Spring 2016, NYU Abu Dhabi


Introduction

What is Epistemology?

At a first pass, epistemology is the study of the questions: "What is knowledge?" And "Do I have any?"

As you'll see, there are close connections between these questions and questions about what we have good evidence or reasons to believe. So epistemology is also the study of questions about evidence and reasons.

Some Arguments that You Don't Have Much Knowledge

There are several philosophical arguments that purport to show that you don't have any knowledge--or at any rate, that you don't have very much knowledge.

A skeptic is someone who doubts whether we have knowledge of a certain sort. For instance, a skeptic about the external world is someone who doubts whether we have knowledge of the external world.
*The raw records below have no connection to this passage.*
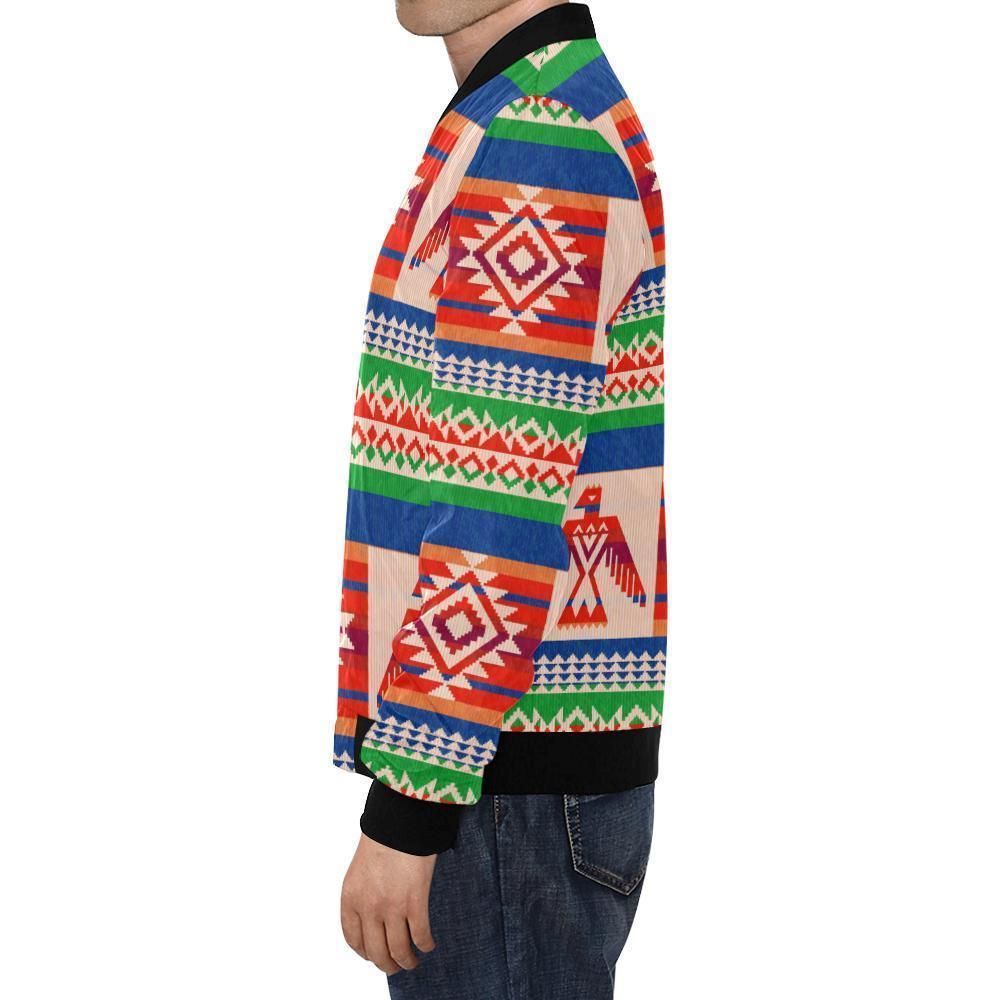 Navajo-Aztec-Tribal-Native-Indians-American-Print-Mens-Bomber-Jacket-1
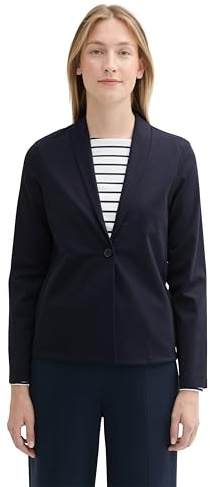 TOM TAILOR Women's Blazer, 10668 - Sky Captain Blue, 22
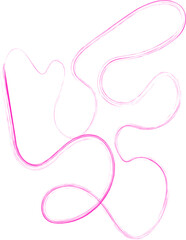 Scratched and textured line with an organic and laid-back look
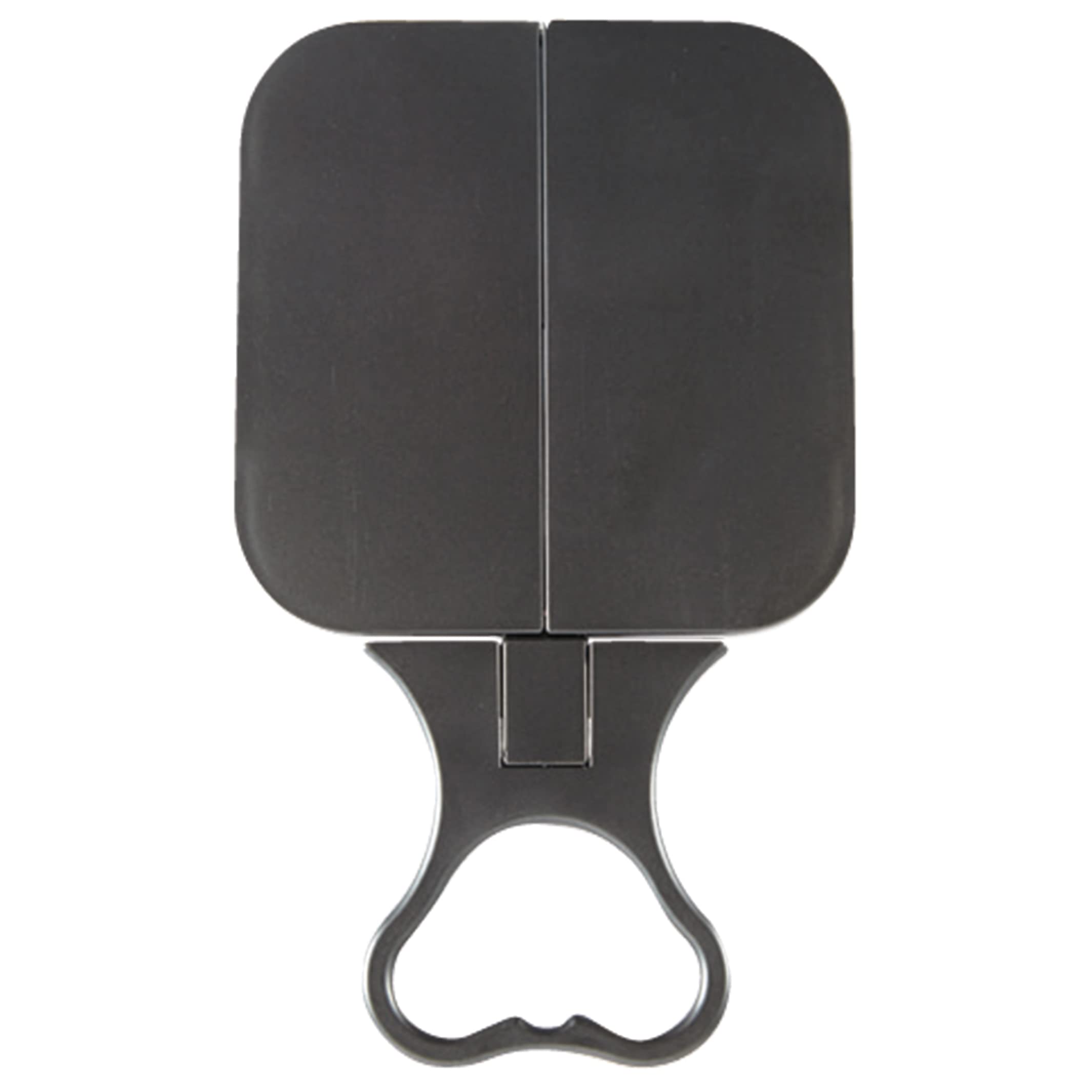 Danielle 23x12cm Folding Travel Mirror Black - True Image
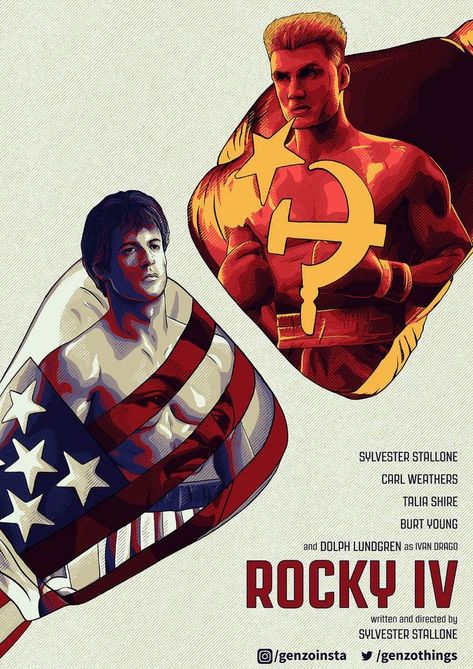 Rocky Balboa Movie, Rocky Balboa Poster, Rocky Series, Rocky Film, Rocky Ii, Carl Weathers, Wonder Woman 1984, Dolph Lundgren, Hollywood Art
That's the kind of skeptical challenge that we'll be focusing on in this class.

Comment:
There are also skeptical challenges to your knowledge of the past, the future, mathematical facts, and unobserved scientific phenomena; challenges to your knowledge that other people have minds, and to whether you can ever rely on their testimony; and more. There are even challenges to whether you can know what your own words mean.

Above we described three kinds of skeptical argument: from lotteries, from scenarios like dreaming, from the fact that our evidence falls short of proving or conclusively establishing our beliefs. We will discuss all of these this term, but especially the argument from dreaming.